Suspensory Act 1914
- Parliament of the United Kingdom
- Long title: An Act to suspend the operation of the Government of Ireland Act, 1914, and the Welsh Church Act, 1914.
- Citation: 4 & 5 Geo. 5. c. 88
- Territorial extent: England and Wales; Ireland;

Dates
- Royal assent: 18 September 1914
- Commencement: 18 September 1914

Other legislation
- Repealed by: Statute Law Revision Act 1927
- Relates to: Government of Ireland Act 1914; Welsh Church Act 1914;

Status: Repealed

Text of statute as originally enacted

= Suspensory Act 1914 =

1914 United Kingdom act of Parliament

The Suspensory Act 1914 (4 & 5 Geo. 5 c. 88) was an act of the Parliament of the United Kingdom which suspended the coming into force of two other acts: the Welsh Church Act 1914 (for the disestablishment of the Church of England in Wales), and the Government of Ireland Act 1914 (Third Home Rule Bill for Ireland).

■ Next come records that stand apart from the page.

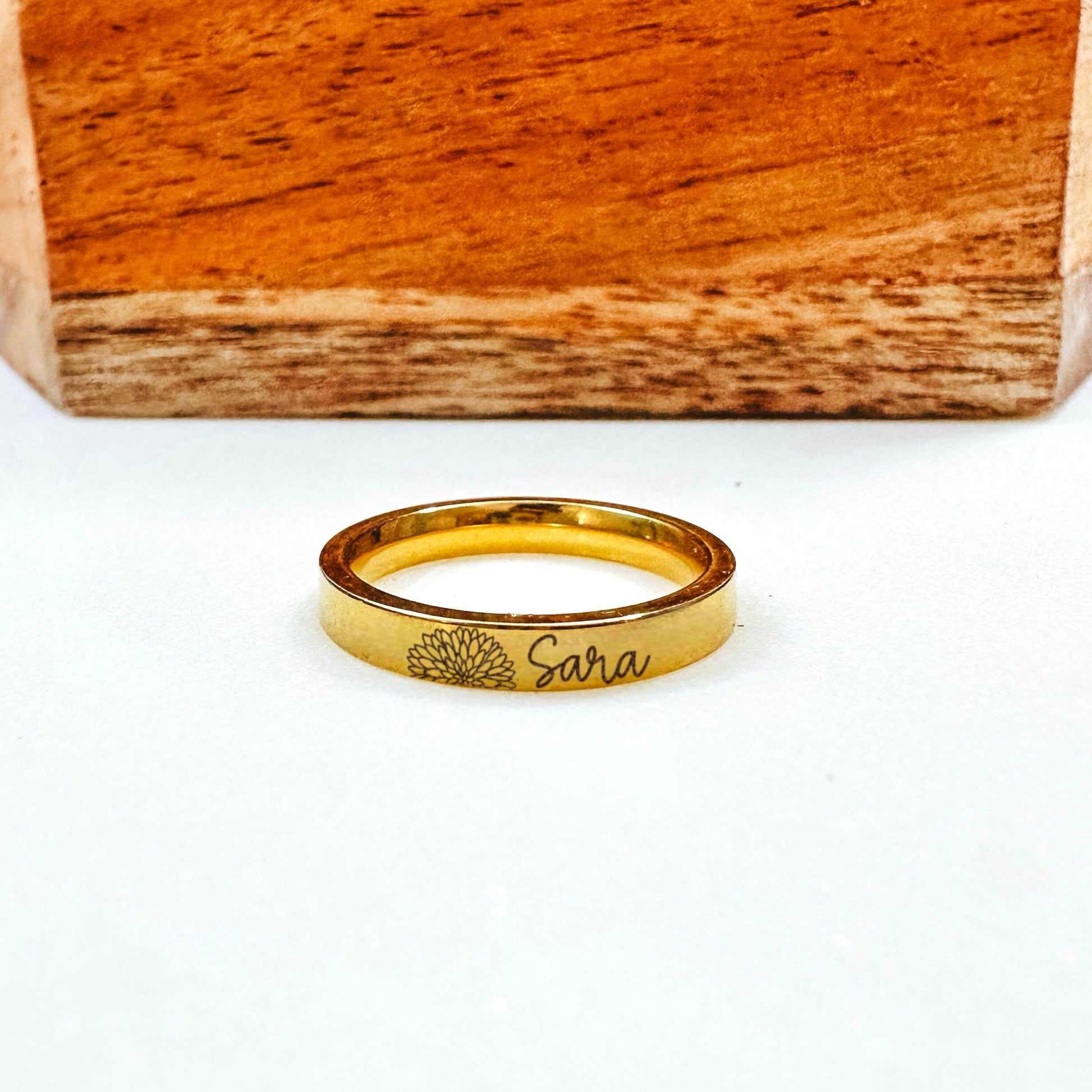 BIRTH FLOWER BUD + NAME RING - Avy + Tay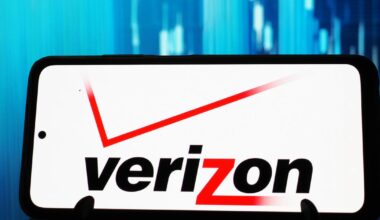 Verizon outage: Users report stuck in SOS mode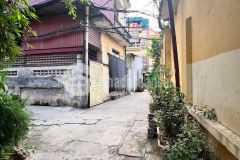 Hiếm và duy nhất. giá đầu tư 54trm2 có cả nhà và đất xuân la, ô tô nhỏ đỗ cổng, vị trí ở cực thích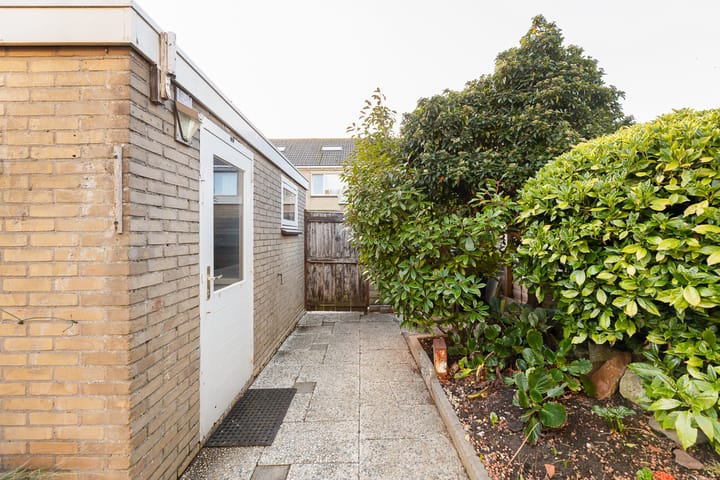 Photo 19 of Evertsenstraat 17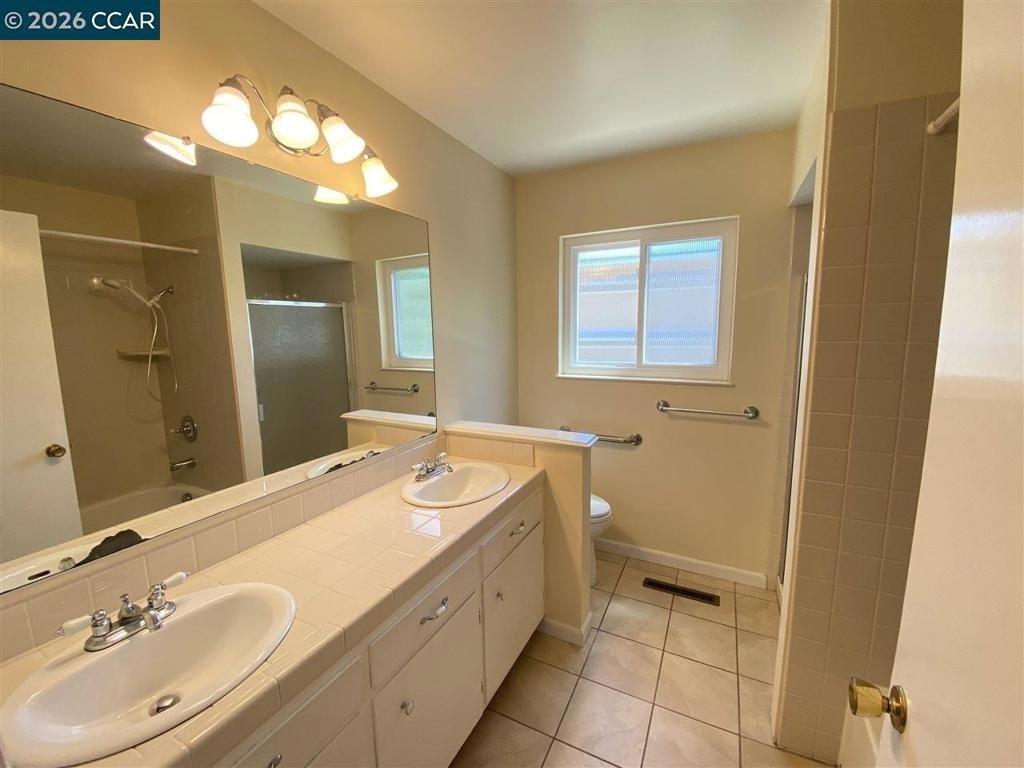2145 Donald Dr - Photo 4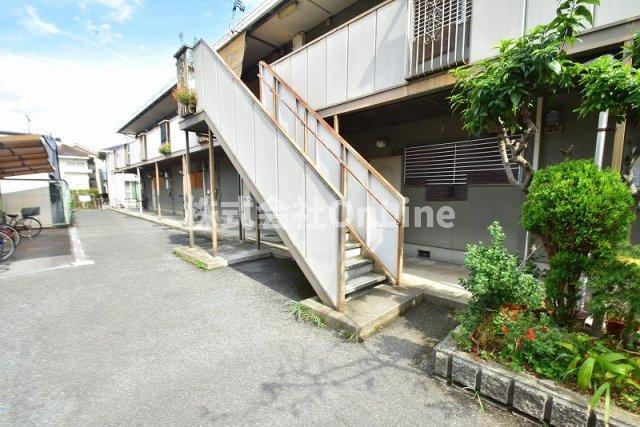 八尾市上之島町南１丁目のアパートのエントランス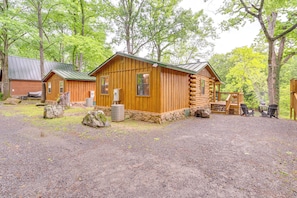 Parking | Driveway (2 Vehicles) | RV/Trailer Parking Nearby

The Suspensory Act 1914 received royal assent on the same day as the two acts it suspended, on 18 September 1914.

==Background==
Welsh disestablishment and Irish home rule were both major policies of H. H. Asquith's Liberal government that had met with considerable controversy and parliamentary opposition in the 1910s. By the summer of 1914, however, the enactment of both measures seemed inevitable as the provisions set out by the Parliament Act 1911 had been met, allowing the government to force them through, despite the opposition of the House of Lords, if it so chose.

Upon the outbreak of war with Germany, the government had agreed a "political truce" with the opposition Conservative leader, Bonar Law. Asquith decided, however, that the two controversial bills should nevertheless be put to the King, together with a new bill suspending their operation; this prompted Law to lead a Unionist walk-out from the House of Commons.

All three bills received royal assent on the same day, 18 September.

==Effect of the Suspensory Act 1914==
A short act with only one substantive section, the Suspensory Act 1914 provided that "no steps shall be taken to put the Government of Ireland Act into operation ... until the expiration of twelve months ... or if the present war has not ended, until such later date ... as may be fixed", and that the "date of disestablishment" as defined by the Welsh Church Act 1914 would be postponed, until 18 September 1915; if the war were still under way at that time, the government were empowered to push the two acts' suspension further back.

On 14 September 1915 an Order in Council made under the Suspensory Act 1914 suspended the Government of Ireland Act 1914 for a further six months (i.e. until 18 March 1916), and postponed Welsh disestablishment until the end of the war. A subsequent series of Orders in Council, dated 29 February 1916, 7 September 1916, 13 March 1917, 22 August 1917, 27 February 1918, 4 September 1918, 12 March 1919, 18 August 1919, 2 March 1920, and 13 August 1920 suspended the Government of Ireland Act 1914 in further blocks of six months until the Government of Ireland Act 1920 (passed 23 December 1920) repealed the 1914 act. However, the 1920 act was never fully implemented either, due to the Irish War of Independence (culminating in the independence from the United Kingdom of most of Ireland as the Irish Free State); home rule was only established in Northern Ireland.

Welsh disestablishment was further postponed by the Welsh Church (Temporalities) Act 1919 until 31 March 1920, when it finally went ahead.